[Source records]
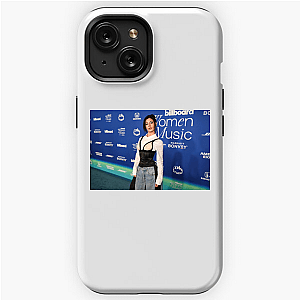 Marina Manifesting Marina Diamandis Samsung Cases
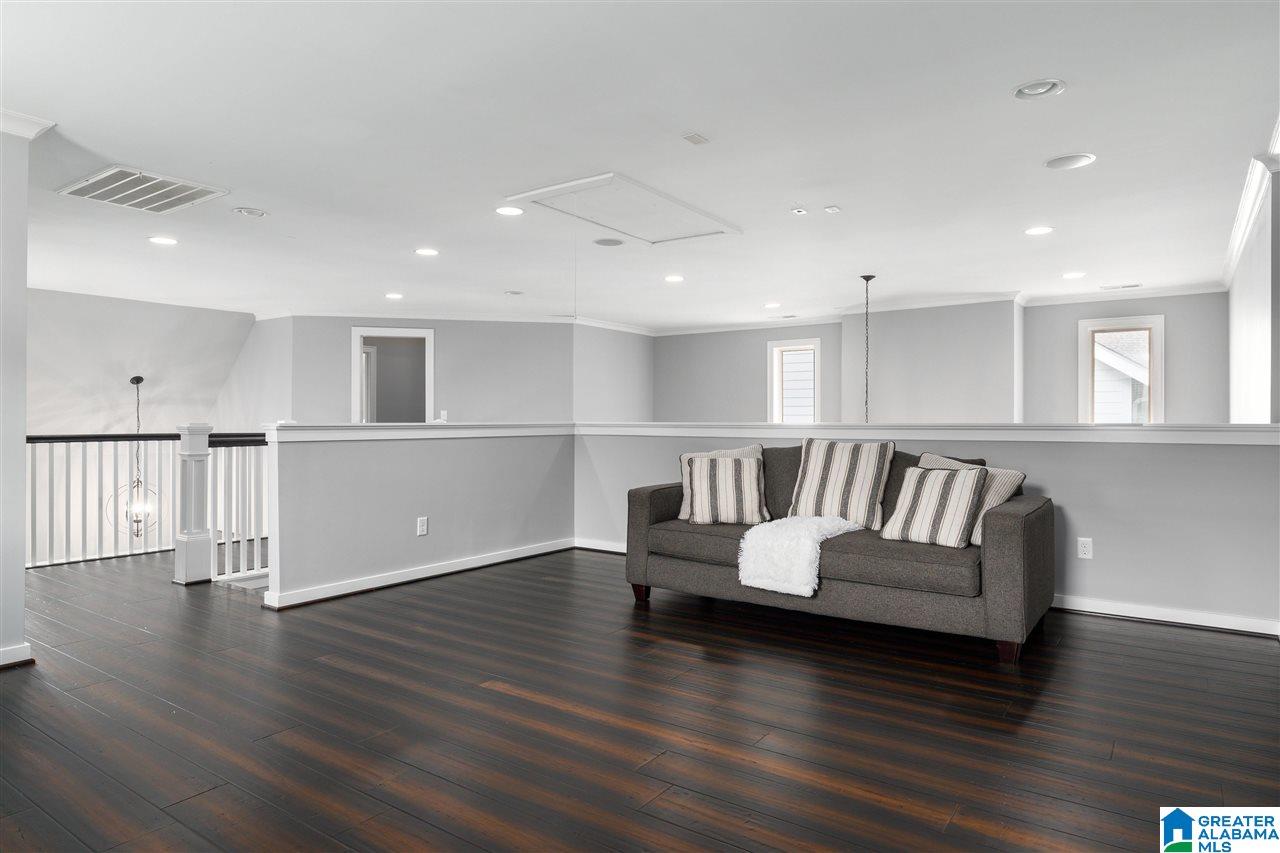 2432 Montauk Road Birmingham, AL 35226 - Photo 27 of 34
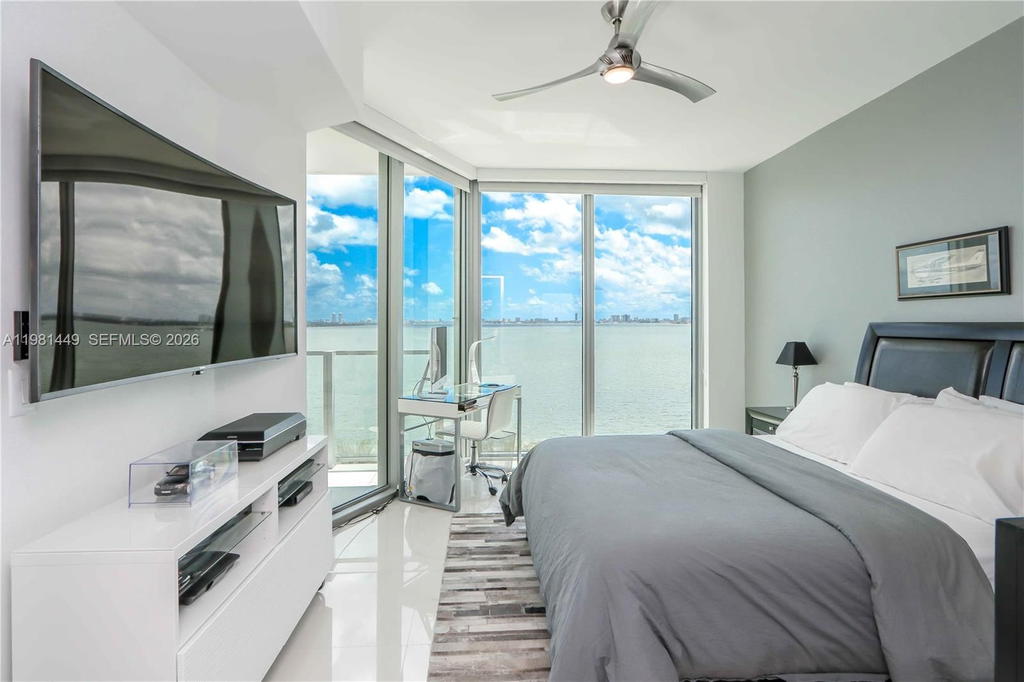 Real estate property located at 2900 7th Ave #404, Miami-dade, Biscayne Beach Condo, Miami, FL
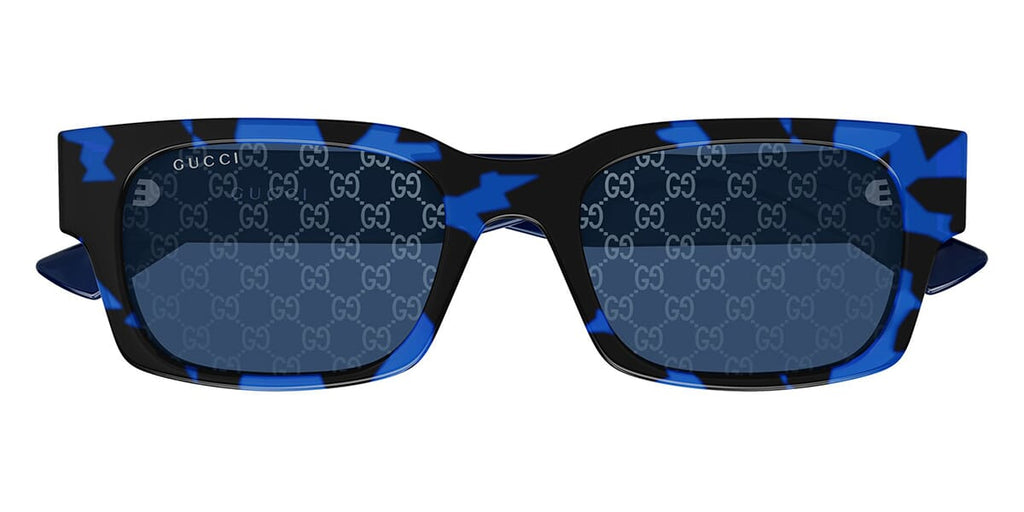 Gucci GG2084S 004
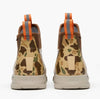 Xtratuf Men's Sport Deck Boot Duck Camo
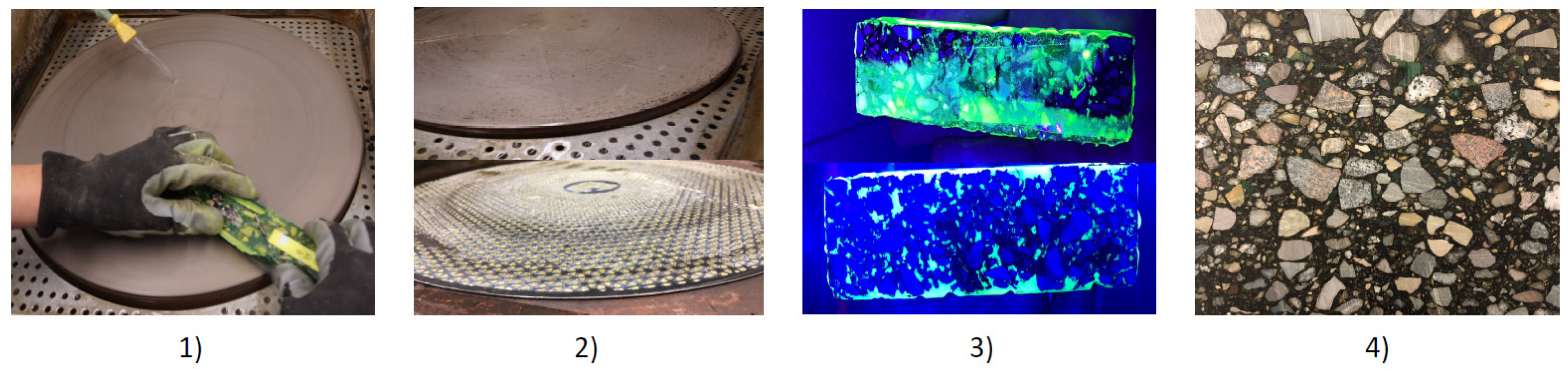 Materials 14 07556 g002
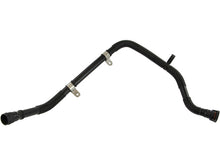 Load image into Gallery viewer, Air Injection Pipe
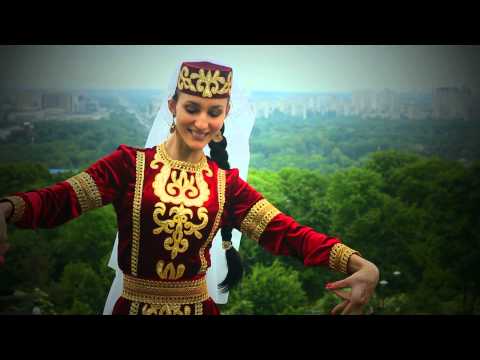 Видео: Эмир-Джелял Хайтармасы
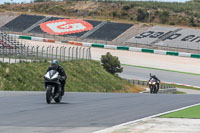 may-2016;motorbikes;no-limits;peter-wileman-photography;portimao;portugal;trackday-digital-images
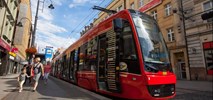 Pesa nadal będzie oferowała różne typy tramwajów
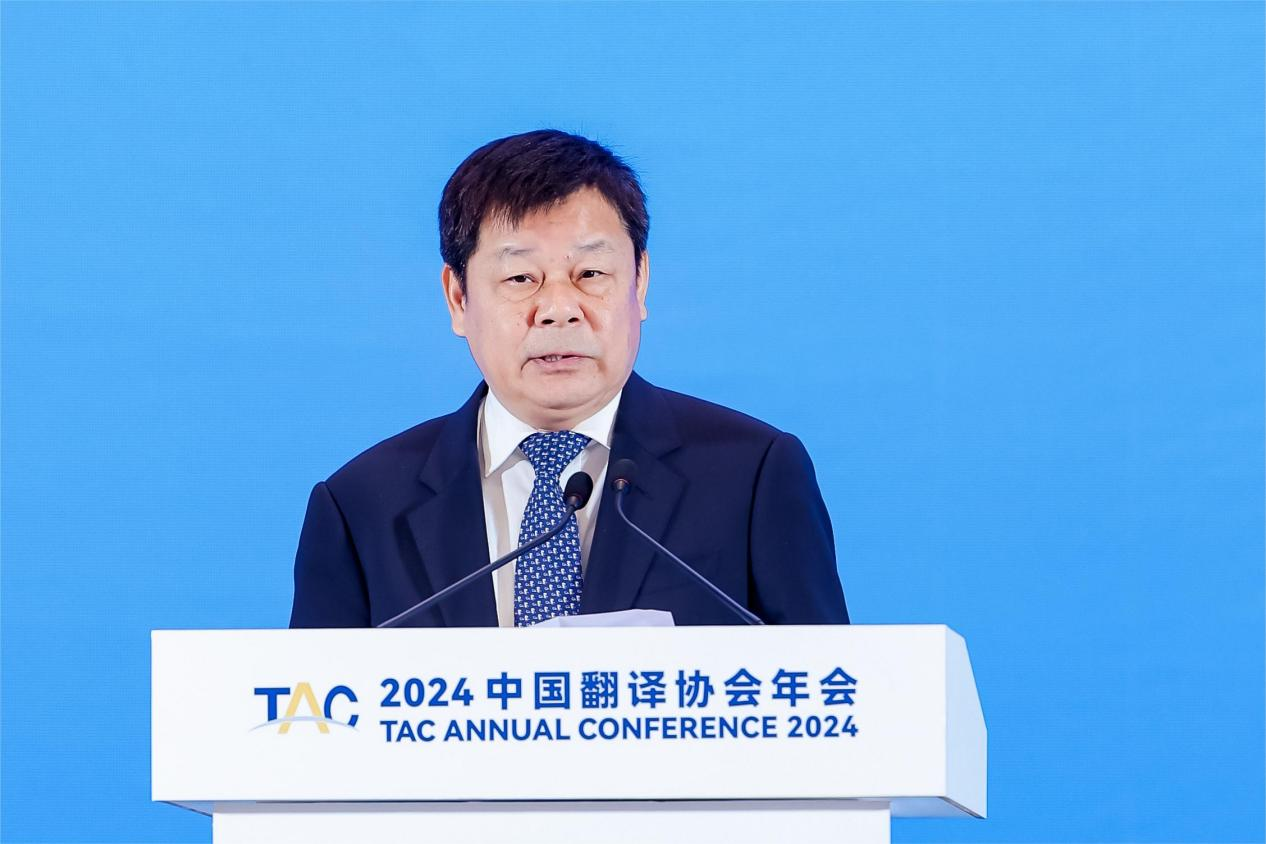 k8凯发娱乐城官方网站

• Directions for this task:
Give back exactly the lines from the first line of the data through the line with "Видео: Эмир-Джелял Хайтармасы", pictures excluded.

• Exercise response:
 Marina Manifesting Marina Diamandis Samsung Cases
 2432 Montauk Road Birmingham, AL 35226 - Photo 27 of 34
 Real estate property located at 2900 7th Ave #404, Miami-dade, Biscayne Beach Condo, Miami, FL
 Gucci GG2084S 004
 Xtratuf Men's Sport Deck Boot Duck Camo
 Materials 14 07556 g002
 Load image into Gallery viewer, Air Injection Pipe
 Видео: Эмир-Джелял Хайтармасы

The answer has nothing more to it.